It’s fitting that Jonathan Meese’s first exhibition in Scotland should take place in a former glue factory, his art employing as it does a logic of continual adhesion and connection, sticking and pasting and piling-on. Even by the existing standards of Meese’s chaotic bricolage, the installation Pump Up the Vampire, Pump Up the Vampire, Pump Up the Vampire, Smell! (2014), had an especially scrappy texture. Achieved during a short residency, there were few traces, among the heaps of junk, over-painted rugs, plastic tents, trolleys and chipboard screens, of the assured painter revealed in his 2003 show The Empire Portraits 1903 at his London gallery, Modern Art.
Also obscure were the particular conceptual and practical strategies which the local curatorial collective YOUNG TEAM had undertaken in the project. Though the press release declared aspirations to a ‘collegiate atmosphere’ one couldn’t tell. Meese seemed to be imprinted over every inch of the installation, from didactic videos to handwritten notes. YOUNG TEAM’s avowed intention to use material only sourced in Glasgow, meanwhile, was also fairly inscrutable: either simply because one city’s junk looks just like another’s, or because certain elements clearly culled from the artist’s resources – engrossing assemblages of vintage film posters, for example – drew attention from the anonymous ones. If it was hard to identify which elements of the installation (if any) sprang from its specific, local context, it was fun to speculate all the same. Didn’t that huge sheet of bubble-wrap draped from the ceiling, sparsely daubed in fluorescents, for example, look like a parody of a certain Glasgow minimalism – like Karla Black on crack?

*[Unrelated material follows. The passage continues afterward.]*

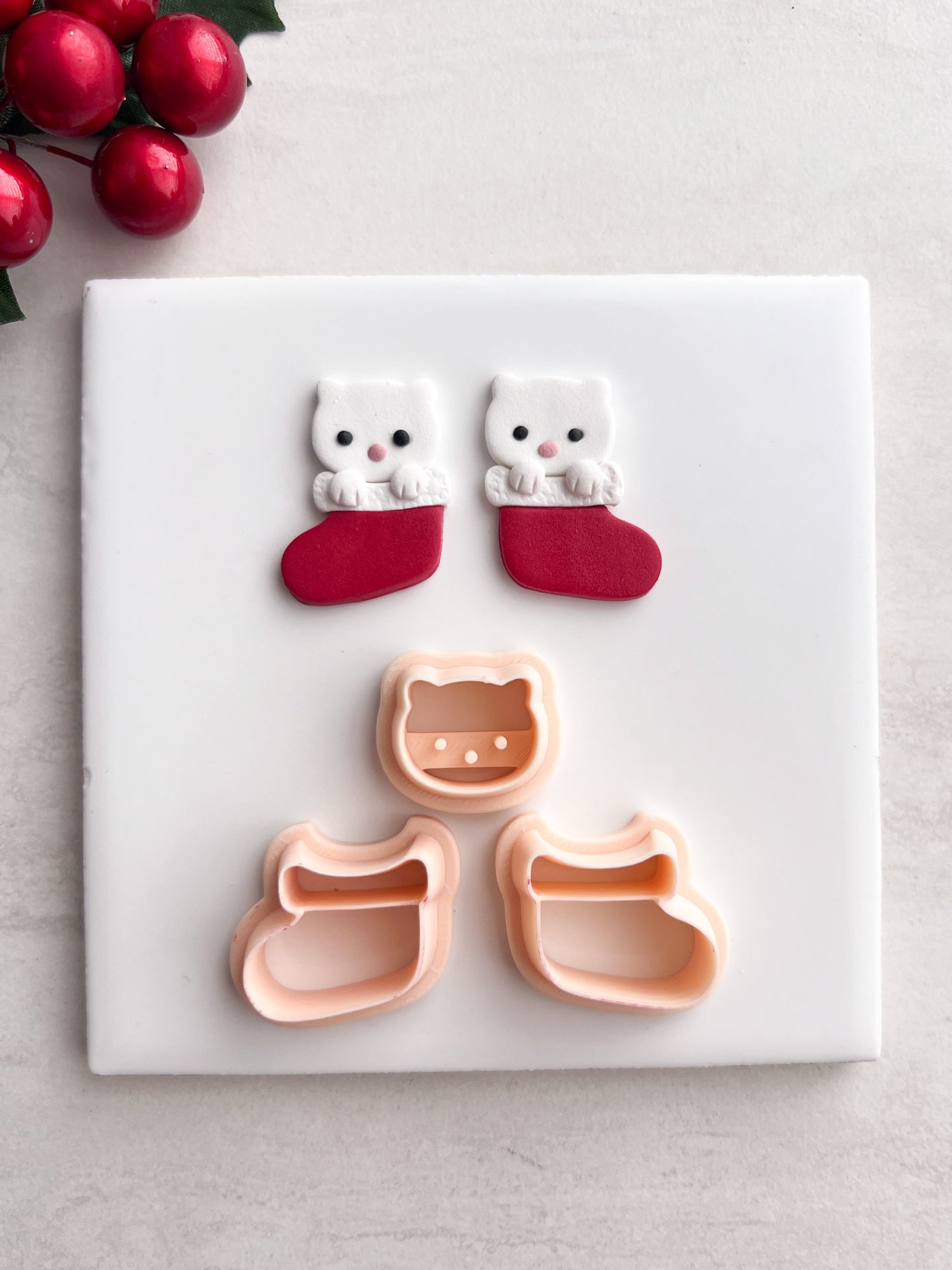 Cat Stocking No. 1 Clay Cutter | Cat Stocking No. 1 Polymer Clay Cutter for DIY Holiday Earrings Pet-Themed Jewelry and Handmade Festive Accessories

Writing about Meese invites cliché, since cliché is one of his own concerns. Not only does his work revert to symbols and iconography pre-dyed in association – whether a salute, a military motif, or a teen pin-up – it utilizes cliché’s sentimental power, while simultaneously mocking its rhetoric. I can only comprehend certain elements of this installation as exercises in this kind of double standard: the female shop-window dummy, say, draped with an Iron Cross, smeared with black paint, giant syringe in one hand, face overlaid with multiple animal jawbones. Bearing the words ‘Fräulein Bratwurscht’ (Miss Sausage) on one breast, this figure was both kitschy and horrific – its nihilistic idiocy seeming both to mitigate and reinforce its impact.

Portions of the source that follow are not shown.